▸ Problem: Write the listing out again word for word, excluding any pictures.

▸ Data section:
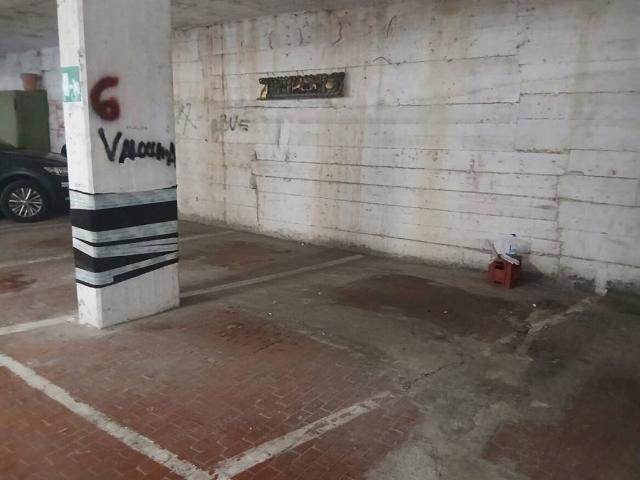 Box / Garage in vendita a Roma RM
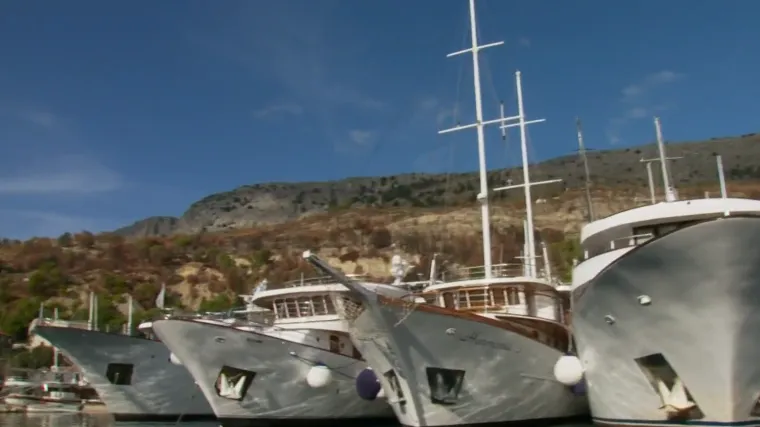 Širi se nezadovoljstvo među brodarima u Splitu: Ostaju bez vezova na dvije godine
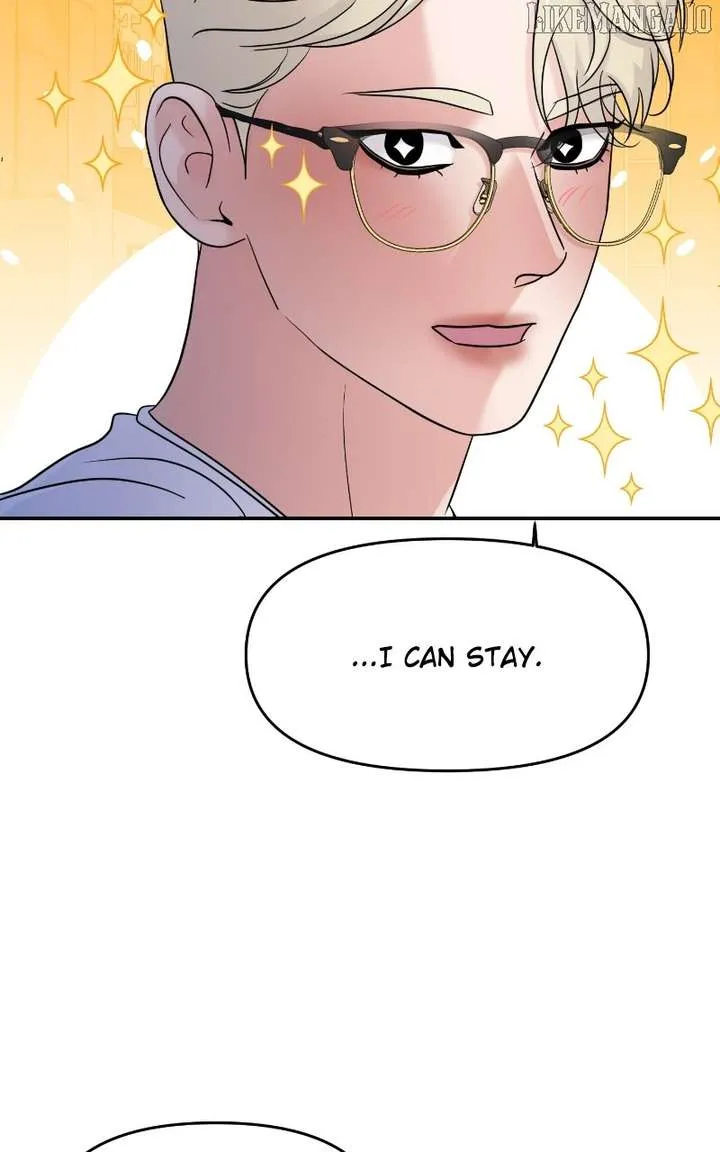 A Campus Romance, I Guess Chapter 95 Online - página 50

▸ Written solution:
 Box / Garage in vendita a Roma RM
 Širi se nezadovoljstvo među brodarima u Splitu: Ostaju bez vezova na dvije godine
 A Campus Romance, I Guess Chapter 95 Online - página 50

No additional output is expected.